I will confess that my own experience with enterprise zones has made me more rather than less confused about how the things work. A couple years ago I got a good contract to work as a flack for a company in Pasadena. In the process of doing my paperwork, I was told that I should provide some written proof of residence, and learned to my great pride and delight that my shitbag apartment was not just part of the Hollywood Enterprise Zone [pdf] but part of the Hollywood distressed Targeted Employment Area [pdf]. Thus the Pasadena company would receive some extra government benefit for hiring my distressed self.

What didn't make sense to me was why a Pasadena business would be getting a tax credit for hiring in my neighborhood – especially since, I was told, the credit was only available because the office was itself located in some type of hiring-credit area in the City of Roses. For what it's worth, the Pasadena Enterprise Zone [pdf] does* not seem to include the office where I worked, and vast swaths of California real estate are designated as distressed areas or enterprise zones or business  improvement districts or some other preferred-treatment locale. California is a negative Lake Woebegone where all the children are below average. So I have no doubt that the employer incentive was legitimate and properly executed.

But how did this incentive work? Do you hire from the distressed area, into the distressed area, some combination of the two, or something else? Also, Hollywood and Pasadena are really far apart. Shouldn't there be a carbon emissions codicil attached to these hiring incentives, so the government won't be encouraging poor day laborers like me to drive 21 miles each way? Maybe Californians can pass a ballot initiative requiring carpooling by all incentivized workers? Or maybe the company should be required to relocate to Hollywood, then get another tax credit for relocating?

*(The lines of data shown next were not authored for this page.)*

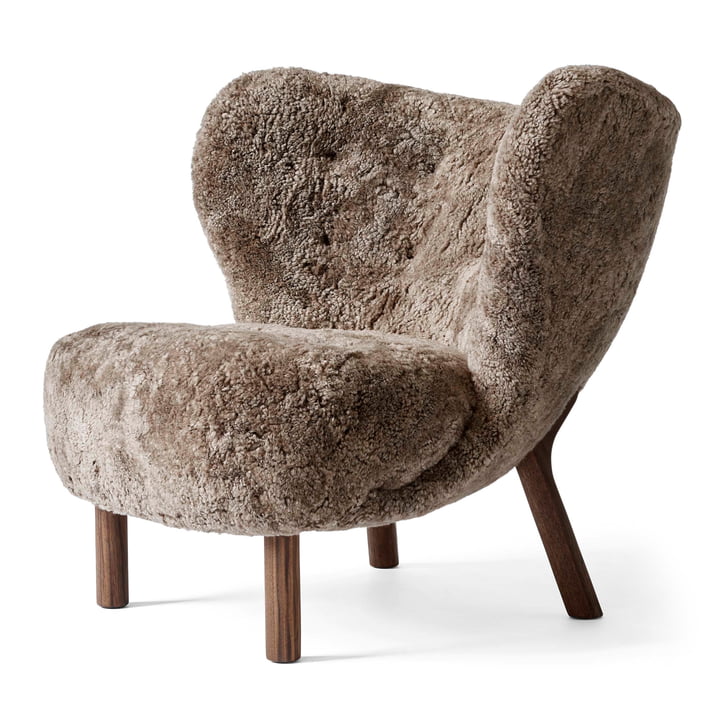 Little Petra VB1 Lounge Chair from & tradition in walnut / sheepskin Sahara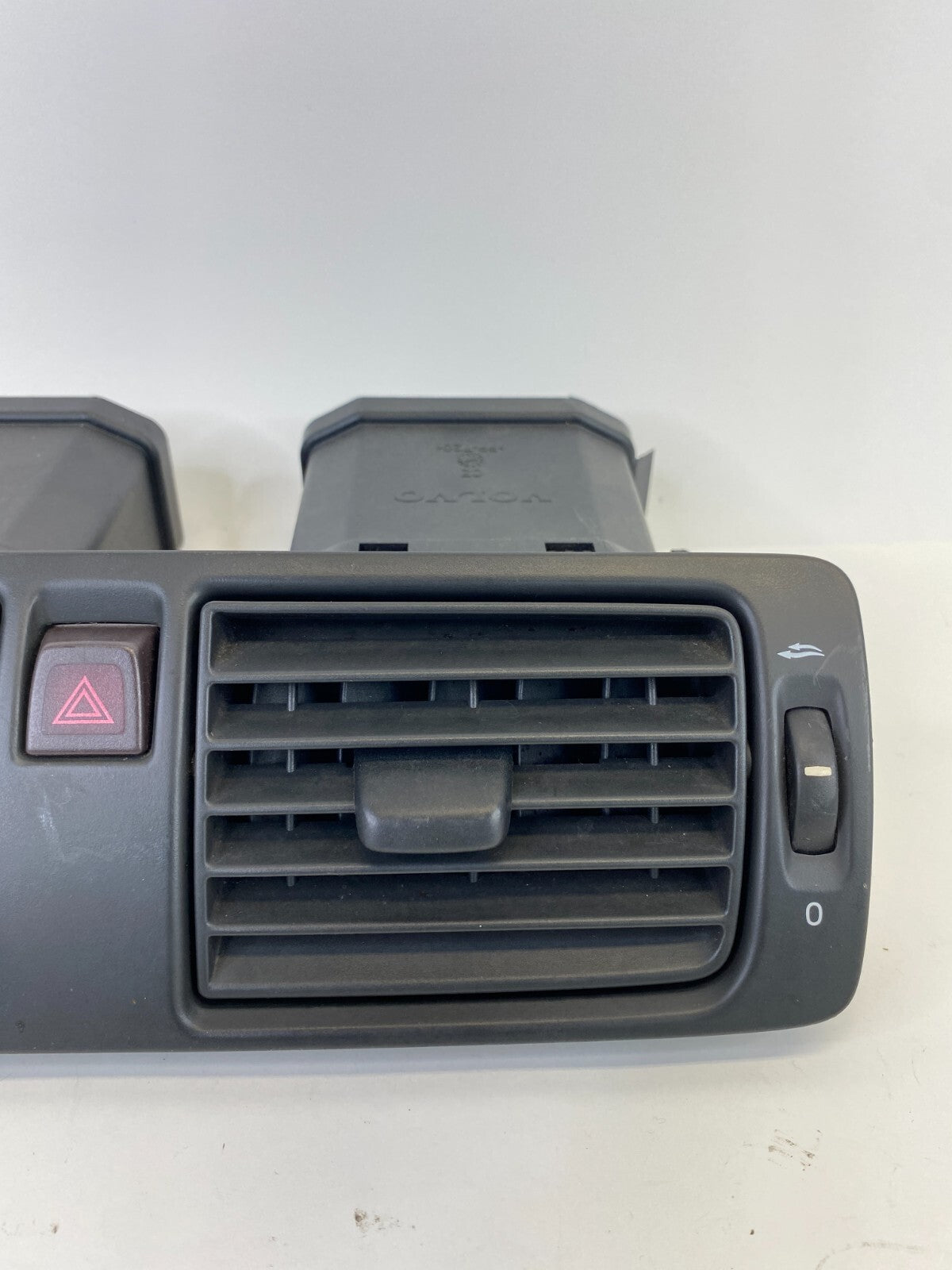 2004-2007 Volvo S40 Center Dash AC Air Vent Grille Duct W/ Hazard Switch OEM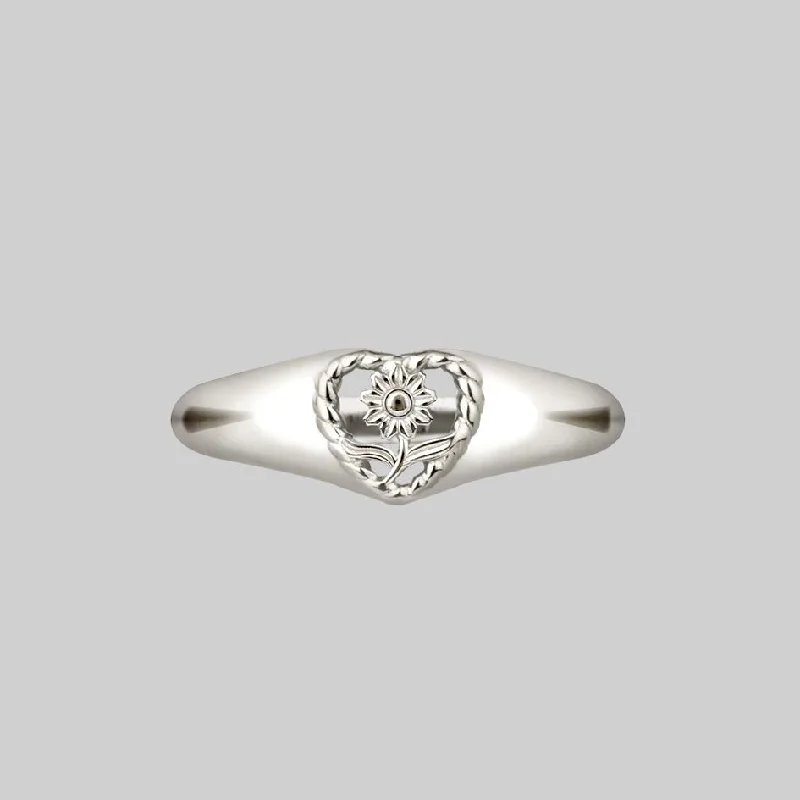 Chic Women's Rings for Fashion-Forward Looks-APRIL. Sunflower Heart Ring - Silver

Times being what they were, I took the job. But even if someday I figure out how the hiring incentive worked, I still don't think I'll understand how everybody involved – I; the company that hired me; and the taxpayers of Pasadena, Los Angeles, and California – wouldn't have been better off putting our time and effort into creating value for our customers rather than pursuing nickel and dime government largesse.

* Correction: An earlier version of this post used a previous map [pdf] of the Pasadena EZ. Thanks to Melissa Alva of the Pasadena Enterprise Zone for the correction, and for explaining the procedure: An employer in one EZ is in fact entitled to a credit for hiring from Target Employment Areas in another EZ.